• _Record set_
---
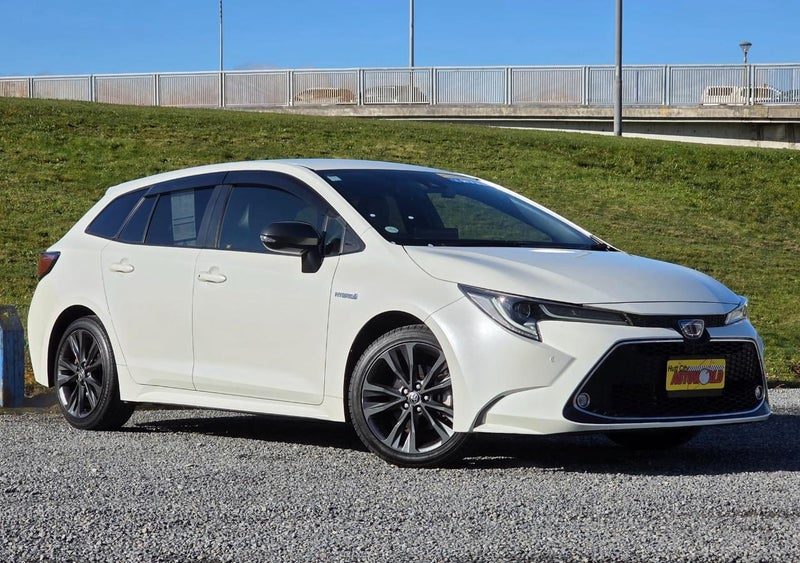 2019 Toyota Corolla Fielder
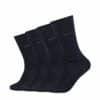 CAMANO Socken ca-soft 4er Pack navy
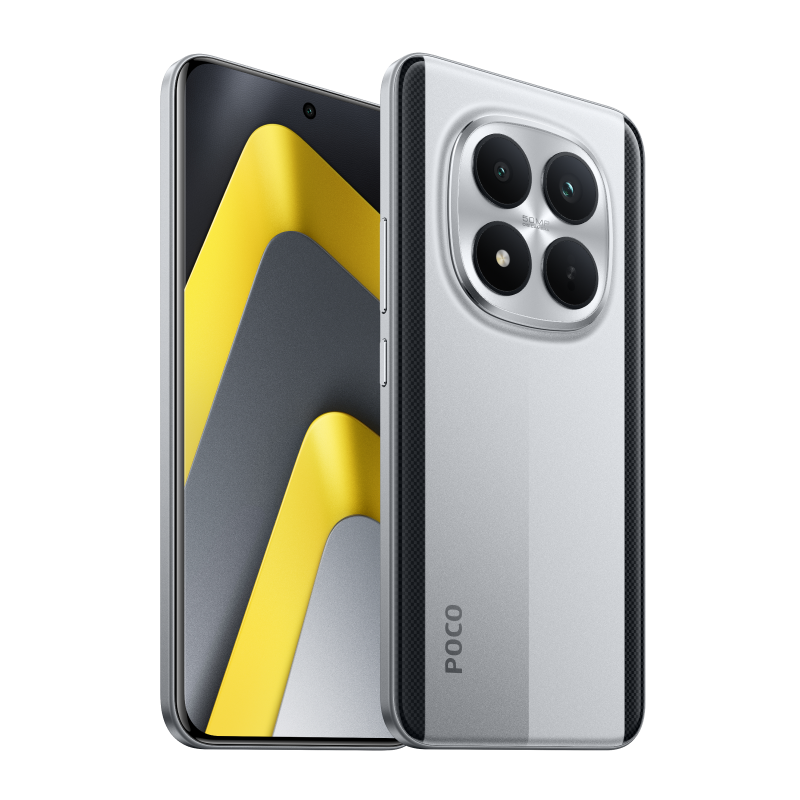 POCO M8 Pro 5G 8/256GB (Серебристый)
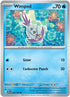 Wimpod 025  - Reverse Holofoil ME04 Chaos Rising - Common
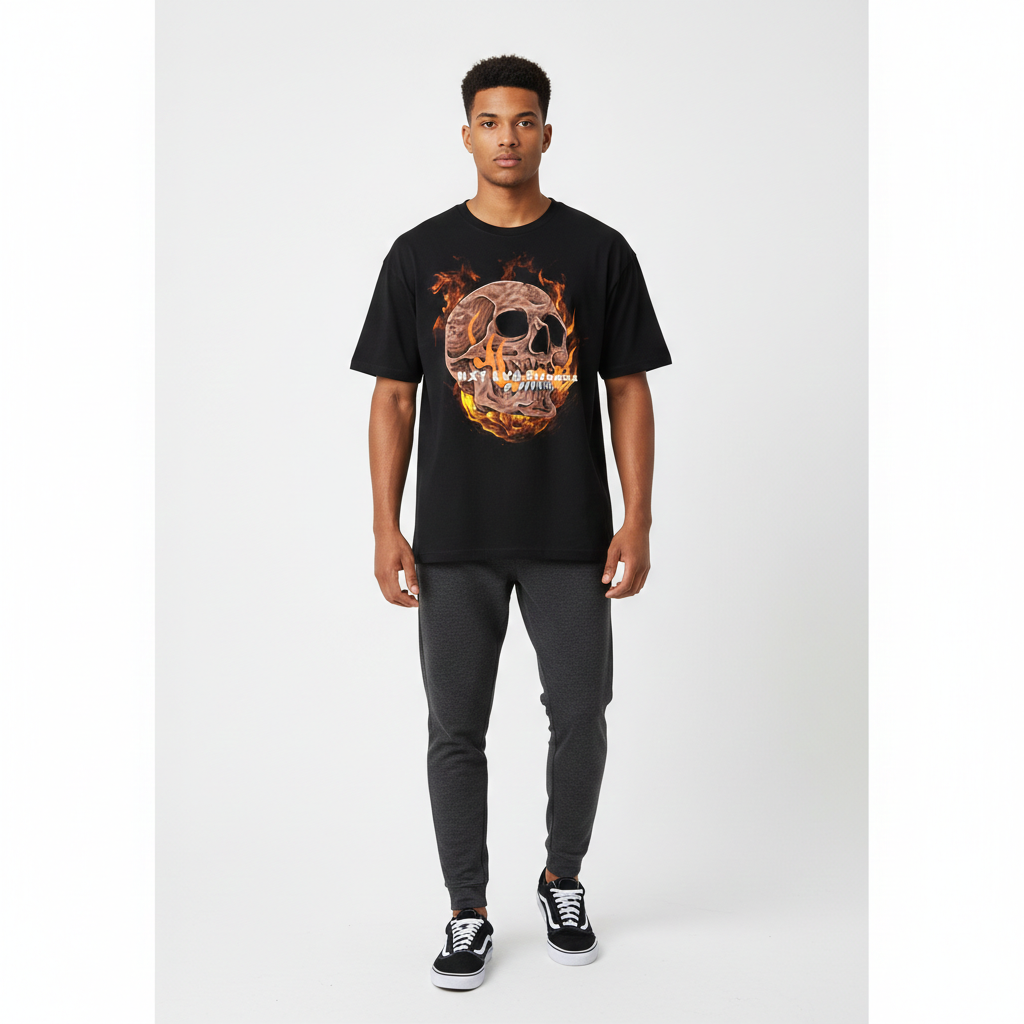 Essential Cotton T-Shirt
---
Once you find the line containing "CAMANO Socken ca-soft 4er Pack navy", transcribe it and each line after it to the end of the records exactly, and leave out the pictures.

 CAMANO Socken ca-soft 4er Pack navy
 POCO M8 Pro 5G 8/256GB (Серебристый)
 Wimpod 025  - Reverse Holofoil ME04 Chaos Rising - Common
 Essential Cotton T-Shirt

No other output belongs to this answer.